The family request was based on three grounds:
(1) It is the authority of the Head of Government to take responsibility and direct accordingly when elements of government violate established proper norms;
(2) the Government of Lesotho has undertaken full cooperation with the SADC Commission of Inquiry.
That entails that the Commission will be provided with all the information which may help it in the discharge of its mandate, if that information is within any organs of Government.
(3) In terms of the laws of Lesotho, items that may constitute part of the evidence in an investigation are handed to the police and not kept by those who may be complicit in the crime being investigated.
The family still keenly awaits a response from the Prime Minister’s office. While the family still hopes the government will do the right thing by ensuring accountability and the rule of law, it has been disturbed by some of the statements and developments immediately following the letter to the Prime Minister.
Firstly, the family never copied this letter to Tšenolo FM and was truly surprised when the letter was read and discussed by that radio station just a day after it was delivered to the Prime Minister’s office.
Even more disturbing was for the station to give their views on the letter as if they are the mouthpiece of the Prime Minister. If Tšenolo has become the official mouthpiece of the Prime Minister, this should be made known to the public.
Secondly, the press secretary in the Prime Minister’s office, Mr Motumi Ralejoe, went on air and said he had not seen the letter.

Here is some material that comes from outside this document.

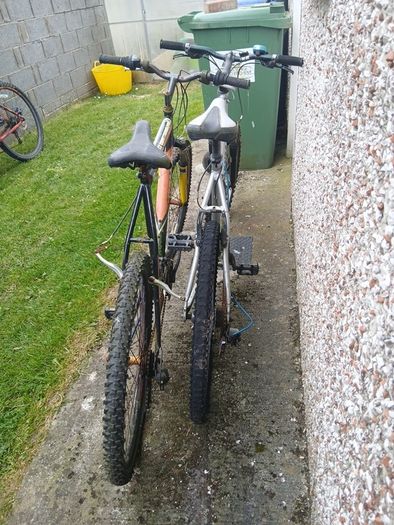 2 bikes silver one medium black one large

Then strangely he gave his opinion (quite similar to that of Tšenolo FM) that the ongoing SADC Commission of Inquiry had been established to deal with the same matter the Mahao family had written to the Prime Minister about.
The family wishes to make one thing clear: that the work SADC is doing to try and get to the bottom of the circumstances surrounding the assassination of Lt General Maaparankoe Mahao is highly appreciated and has humbled the family beyond measure.
However, the family wrote to the Prime Minister not because it does not value the work SADC is already doing but because naming the killers is about doing the right thing and safeguarding our democracy from those bent on the law of the jungle where the fittest survive.
The killers of General Mahao are members of the LDF and they are known to the LDF hierarchy and possibly to some in Government.
Giving their names to the police and to the SADC Commission of Inquiry is not only a moral duty but legal one as well.
Criminals cannot hibernate under cover of those who should protect our democracy from blatant impunity and deliberate lawlessness.
The fact that SADC is in Lesotho does not exonerate the Lesotho government from its responsibility of ensuring the observance of the rule of law and accountability. It would be surprising if the Prime Minister and his government are not seen to be on the side of justice but against it.
No leader of any country would deliberately prevent the wheels of justice from moving towards setting the citizens free from those whose inclination is to defeat justice at will.
The culture of impunity simply has to stop. We therefore humbly hope the Prime Minister’s office will do the right thing.